:: ENTRIES SHOWN
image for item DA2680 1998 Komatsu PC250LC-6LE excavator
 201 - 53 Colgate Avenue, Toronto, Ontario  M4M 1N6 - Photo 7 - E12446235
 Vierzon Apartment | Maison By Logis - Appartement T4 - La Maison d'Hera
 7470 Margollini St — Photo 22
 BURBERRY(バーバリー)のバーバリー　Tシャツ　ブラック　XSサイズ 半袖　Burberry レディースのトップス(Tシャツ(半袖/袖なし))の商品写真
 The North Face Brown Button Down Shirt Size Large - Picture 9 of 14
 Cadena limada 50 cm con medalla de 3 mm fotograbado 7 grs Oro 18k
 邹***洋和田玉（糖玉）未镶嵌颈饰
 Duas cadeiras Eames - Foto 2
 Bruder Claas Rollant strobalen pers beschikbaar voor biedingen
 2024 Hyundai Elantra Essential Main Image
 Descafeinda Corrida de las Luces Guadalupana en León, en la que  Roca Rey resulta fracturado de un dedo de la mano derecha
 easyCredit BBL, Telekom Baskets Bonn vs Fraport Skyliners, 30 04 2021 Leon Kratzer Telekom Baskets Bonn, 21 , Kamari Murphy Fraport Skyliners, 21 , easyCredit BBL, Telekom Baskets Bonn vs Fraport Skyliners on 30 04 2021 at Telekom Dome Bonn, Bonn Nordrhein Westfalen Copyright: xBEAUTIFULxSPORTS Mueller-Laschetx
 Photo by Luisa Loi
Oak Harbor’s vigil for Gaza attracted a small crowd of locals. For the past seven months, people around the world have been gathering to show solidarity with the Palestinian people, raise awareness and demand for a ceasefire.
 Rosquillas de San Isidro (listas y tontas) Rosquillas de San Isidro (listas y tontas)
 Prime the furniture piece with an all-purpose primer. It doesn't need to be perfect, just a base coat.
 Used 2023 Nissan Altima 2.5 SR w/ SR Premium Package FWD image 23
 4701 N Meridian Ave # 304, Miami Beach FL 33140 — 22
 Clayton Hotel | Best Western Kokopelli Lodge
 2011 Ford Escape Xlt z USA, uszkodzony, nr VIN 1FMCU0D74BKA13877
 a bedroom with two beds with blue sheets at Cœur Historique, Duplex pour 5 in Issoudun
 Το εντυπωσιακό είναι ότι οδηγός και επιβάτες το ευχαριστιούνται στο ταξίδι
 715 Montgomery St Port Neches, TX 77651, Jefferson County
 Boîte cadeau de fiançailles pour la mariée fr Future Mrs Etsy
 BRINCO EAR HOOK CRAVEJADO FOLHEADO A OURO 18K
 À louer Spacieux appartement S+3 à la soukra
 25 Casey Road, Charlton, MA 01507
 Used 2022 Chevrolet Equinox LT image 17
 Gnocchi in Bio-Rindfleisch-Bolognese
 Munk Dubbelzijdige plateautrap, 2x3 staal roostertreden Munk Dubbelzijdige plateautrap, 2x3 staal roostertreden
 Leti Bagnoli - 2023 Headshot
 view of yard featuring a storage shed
::::
### REQUIREMENT
Starting with the line above that holds "The North Face" and stopping with the line that holds "Descafeinda Corrida de", reproduce each line exactly, omitting all other lines.

### EXERCISE SOLUTION
 The North Face Brown Button Down Shirt Size Large - Picture 9 of 14
 Cadena limada 50 cm con medalla de 3 mm fotograbado 7 grs Oro 18k
 邹***洋和田玉（糖玉）未镶嵌颈饰
 Duas cadeiras Eames - Foto 2
 Bruder Claas Rollant strobalen pers beschikbaar voor biedingen
 2024 Hyundai Elantra Essential Main Image
 Descafeinda Corrida de las Luces Guadalupana en León, en la que  Roca Rey resulta fracturado de un dedo de la mano derecha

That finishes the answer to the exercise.